Protracted negotiations over the division of UK national debt, the currency, and Scottish membership of the European Union would lead to "a prolonged period of uncertainty," the bank said. "This, in itself, is likely to have adverse economic consequences for Scotland and the UK."
"Even if the sterling monetary union does not break up in the event of a 'Yes' vote, the threat of a break-up would provide investors with a strong incentive to sell Scottish-based assets, and households with a strong incentive to withdraw deposits from Scottish-based banks," the bank argued.
However longer term, it believes there is "little reason why an independent Scotland could not prosper: there is no evidence to suggest that smaller countries are richer or poorer, on average."
Martin Gilbert, chief executive, Aberdeen Asset Management
Aberdeen Asset Management, Scotland's largest fund management company, is officially neutral in the independence debate.
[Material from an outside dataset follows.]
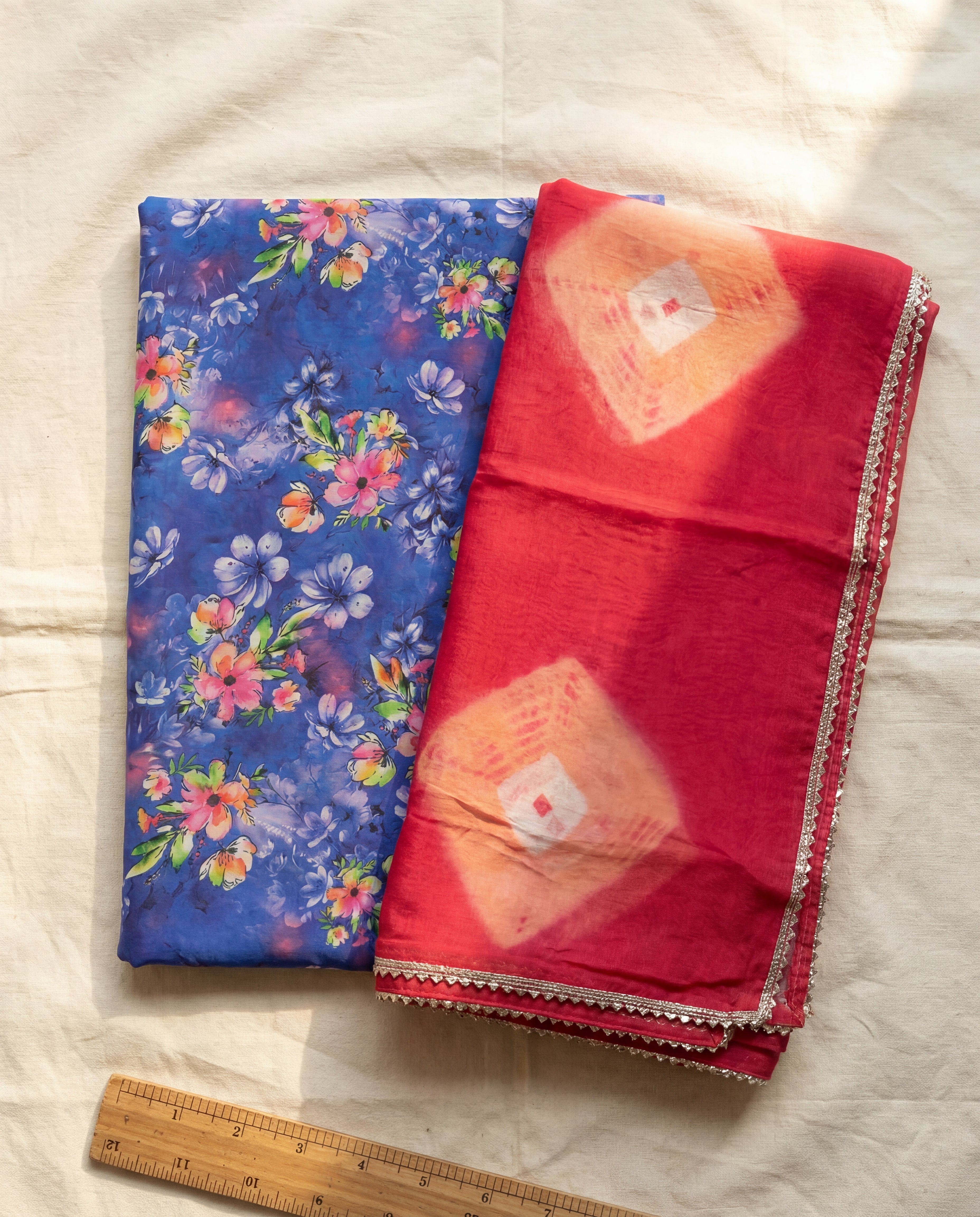 'Neelam' - Deep Blue Floral Print Rajputi Suit Set + Gajari Red Bandhani Odhani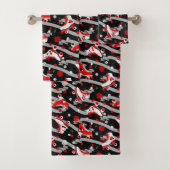 Rockabilly Retro Roller Skating Pattern Bad Handdoek (Insitu)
However its boss, Martin Gilbert, has said an "independent Scotland would be a big success", although he declined to say which he had voted in his postal vote.
In Aberdeen's Press and Journal, Mr Gilbert said Scotland was among the 20 wealthiest countries in the world, adding: "Most sensible people now accept that Scotland would be prosperous with either outcome in the current constitutional debate."
He also said sterlingisation - in which an independent Scotland kept the pound without a formal deal - would be a "pretty good option".
"Low or no debt would be the position if an independent Scotland were denied access to Bank of England financial assets, and that would leave the newly-independent country in both budget and balance of payments surplus. Not a bad start," he added.
Paul Krugman, economist
Writing in his New York Times column, Mr Krugman had a stark message for Scotland: "Be afraid, be very afraid. The risks of going it alone are huge. You may think that Scotland can become another Canada, but it's all too likely that it would end up becoming Spain without the sunshine."
On the prospects of keeping sterling as the country's currency, Mr Krugman said: "The combination of political independence with a shared currency is a recipe for disaster."
He would find it "mind-boggling" if Scotland decided to do this.
Oliver Harvey, Deutsche Bank
Echoing Paul Krugman, Deutsche Bank's foreign exchange strategist Oliver Harvey, wrote: "Scotland: be afraid, be very afraid" in a note to investors on Monday.
"The implications of a yes vote would be huge....", he said.
"On the currency side, it could at worse lead to a destabilising crisis in the whole British banking system and at best leave the the rest of the UK with an unstable currency union in which the Bank of England is forced to continue to provide liquidity to Scottish banks while Westminster thrashes out a fiscal and monetary arrangement with a new Scottish sovereign government holding all the cards.
"A 'yes' vote could easily derail the UK economic recovery. Scotland represents the rest of the UK's second largest trading partner after the EU and many corporate investment plans are likely to be put on hold until clarity over currency, regulatory and tax questions is achieved."
Ben Chu, The Independent
A Scottish state is "perfectly viable", argues the Indy's economics editor, Ben Chu. "Some of the wilder prophecies of ruin are unconvincing."
"Scotland's North Sea oil money will eventually run out but the country still has a well-educated population. Its future productivity growth and prosperity rests on those foundations of human capital."
In the short-term, however, he says that: "Corporate investment, which has been disappointingly weak for a decade, could flatline amidst the uncertainty thrown up by a Yes vote. That wouldn't help either Scotland or the rest of the UK recover from the biggest slump since the 1930s."
A lot depends on whether Scotland retains the pound, he argues, thereby accepting a degree of Westminster oversight that many Scots who voted for independence would find unpalatable.